ボクシングWBAスーパー、IBF世界バンタム級王者井上尚弥(29=大橋)が過去最高の状態に仕上げ、39歳の対抗王者に引導をわたす。6月7日、さいたまスーパーアリーナでWBC世界同級王者ノニト・ドネア(フィリピン)との3団体王座統一戦を控える。25日に横浜市のジムで代表取材に応じ、ドネアを引退に追い込む意気込みを示した。元世界3階級制覇王者の八重樫東トレーナー(39)のフィジカル練習で長く悩まされた腰痛が解消し、万全な状態となりそうだ。

   ◇   ◇   ◇

約2年7カ月ぶりとなるドネアとの再戦を控え、井上の緊張感は高かった。リング内のミット打ちは長く、入念に続けられた。すべては3団体王座統一のために-。残り2週間弱だが、集中力は最高潮に近かった。「自分との戦いが(ドネアの現役)最後に、しっかり花道をつくれれば。自分はそんな思いで臨む」。圧勝劇で引導をわたすという確固たる自信をみせた。

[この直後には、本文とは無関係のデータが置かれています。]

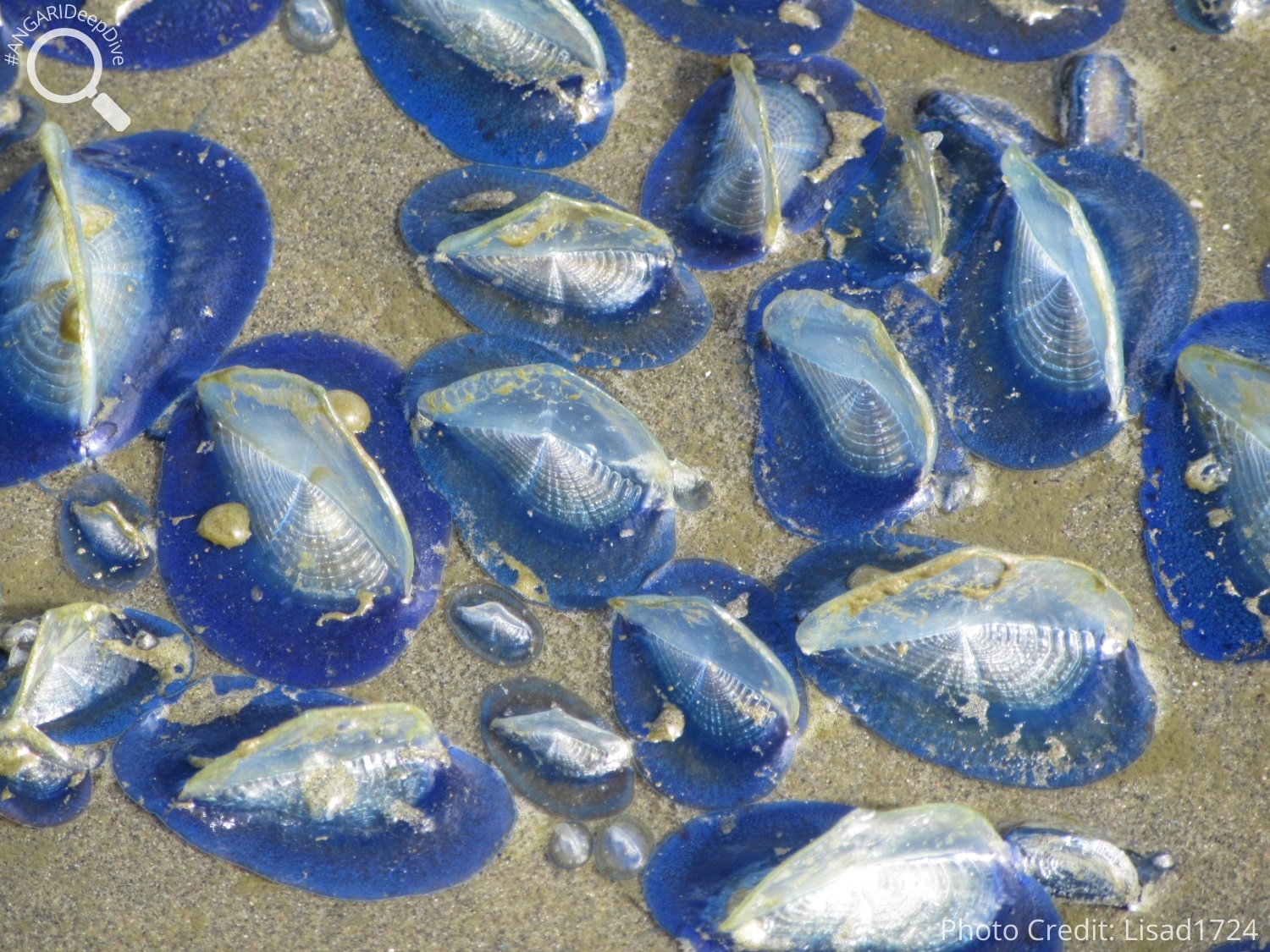 #ANGARIDeepDive_By-the-wind Sailor_PC_Lisad1724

手応えがある。「この時期の調整では、かなりうまくやれている」。昨年11月から導入した元世界3階級制覇王者八重樫トレーナーによるフィジカル練習を週2回ペースで継続してから約半年が経過。強化合宿も2度敢行し「足腰の強さを感じていますし、何より1番気にしている腰痛が八重樫さんのトレーニングでなくなっている。すごく効果は出ている」と手応え。16年9月のペッチバンボーン(タイ)戦ごろから6年近く悩む古傷の不安が解消されていると強調した。

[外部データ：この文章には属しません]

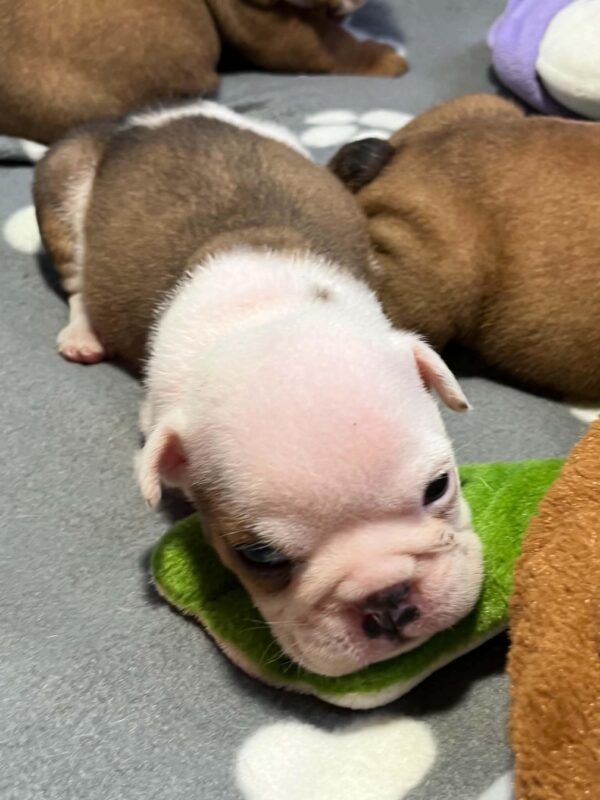 Buyan English Bulldog Buyan English Bulldog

井上の指導当初から八重樫トレーナーは「あまり詳細は話さないが、尚弥が何をしたいのかは見ていれば分かる」と“以心伝心”で練習内容を決めている。世界3階級制覇した両者だからこそ理解できるメニューを消化し、けが撲滅につなげている。大橋秀行会長(57)は「最近感じるのは足腰の強さ。下半身からくるパンチに強さをすごく感じる」と分析。パンチの破壊力も増しているという。

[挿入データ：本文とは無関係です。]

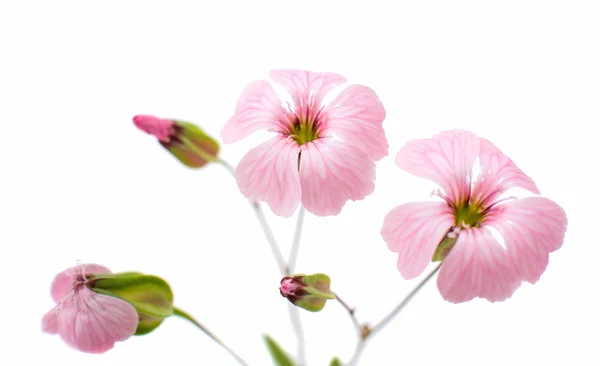 Fina rosa blommor — Stockfoto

ドネア撃破で日本人初の3団体統一、さらに4団体王座統一に王手をかける。再びさいたまスーパーアリーナで迎えるドネア戦に「一種の運命だと感じる」と感慨深げな井上は「この先、4団体統一や(スーパーバンタム級で)4階級制覇するための試合。節目で最大限のパフォーマンスを発揮できるタイプなので自分に期待している」。腰の不安もない過去最高の井上尚弥が、日本人初の偉業を成し遂げる。【藤中栄二】

〇…井上の父真吾トレーナーはドネアとの再戦がKO勝利になるとの予想を口にした。2年7カ月ぶりに海外勢のパートナーを招き、スパーリング数は計100回に到達する見通し。万全の仕上がりと言い切る真吾氏は「前回でしっかり終わっている試合だと思っているが、ドネアがWBC王座を取り再戦になった。前回よりはっきりした形で、と本人もこだわっている。すっきりした形でいけるのかな」と自信をみせた。